とにかく父親と母親との交流シーンが良すぎます。夏の日差しが照り付け、ランニングTシャツになりながら家族三人で食卓を囲む場面。昭和の風景、というノスタルジックさも抒情的な雰囲気を盛り立てていますが、それ以上に幼少のころの父と母と再会し、いま現在の自分を見て誉めてもらえるという、あの光景に心を動かされない人は少ないと思います。

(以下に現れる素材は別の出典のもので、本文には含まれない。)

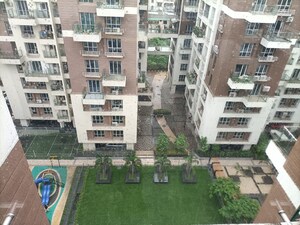 Master Plan in 2 BHK Apartment at Kundan Plaza, Chinar Park – for Sale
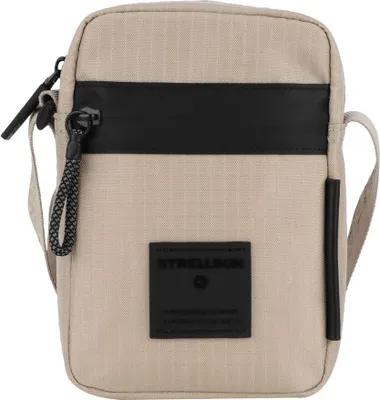 Produktbild von Strellson Northwood Rs Clint Shoulderbag Xsvz Schultertasche 4010003250 750 beige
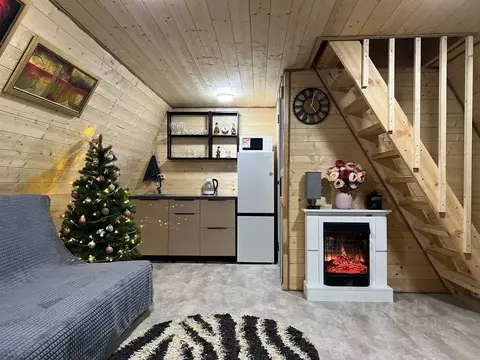 Дом в Татарстан, Лаишево ул. Мелиораторов, 33 (43 м)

なんかむかし見たときはもっとすぐに二人とも消えちゃって、後半は女の幽霊に憑りつかれる話がメインになる印象だったのですが、そうではなく、ふたつの物語を交互に見せていきながら、割と最後の方で父と母にお別れをする、という構成でした。
でもやっぱり女の幽霊との場面が変。いや、あそこだけで切り取るとそこまで変でもないのですが、父母との場面が良すぎる上、色合いも異なっているので後半になるほどアンバランスさが目立ってきちゃうんですよね。メイクやスペクタクルがチープに感じてしまうのはたぶんそのせい。女の幽霊に関する場面だけを見ると決して悪くはないな、とは思います。惜しむらくはそれを無理やり繋げてしまって点でしょう。おそらく父母の場面だけで完成させていたら邦画史上でも指折りの作品になってたんじゃないかな、とそんな気がします。
とはいえその「変さ」は大林宣彦らしくもあり、可愛げに感じなくもない。
総じて、感動するけど惜しい。惜しいけどそこが可愛げにもなってるという、やっぱりちょっと変な映画なのでした。
さて、それではアンドリュー・ヘイ版を観てきますか。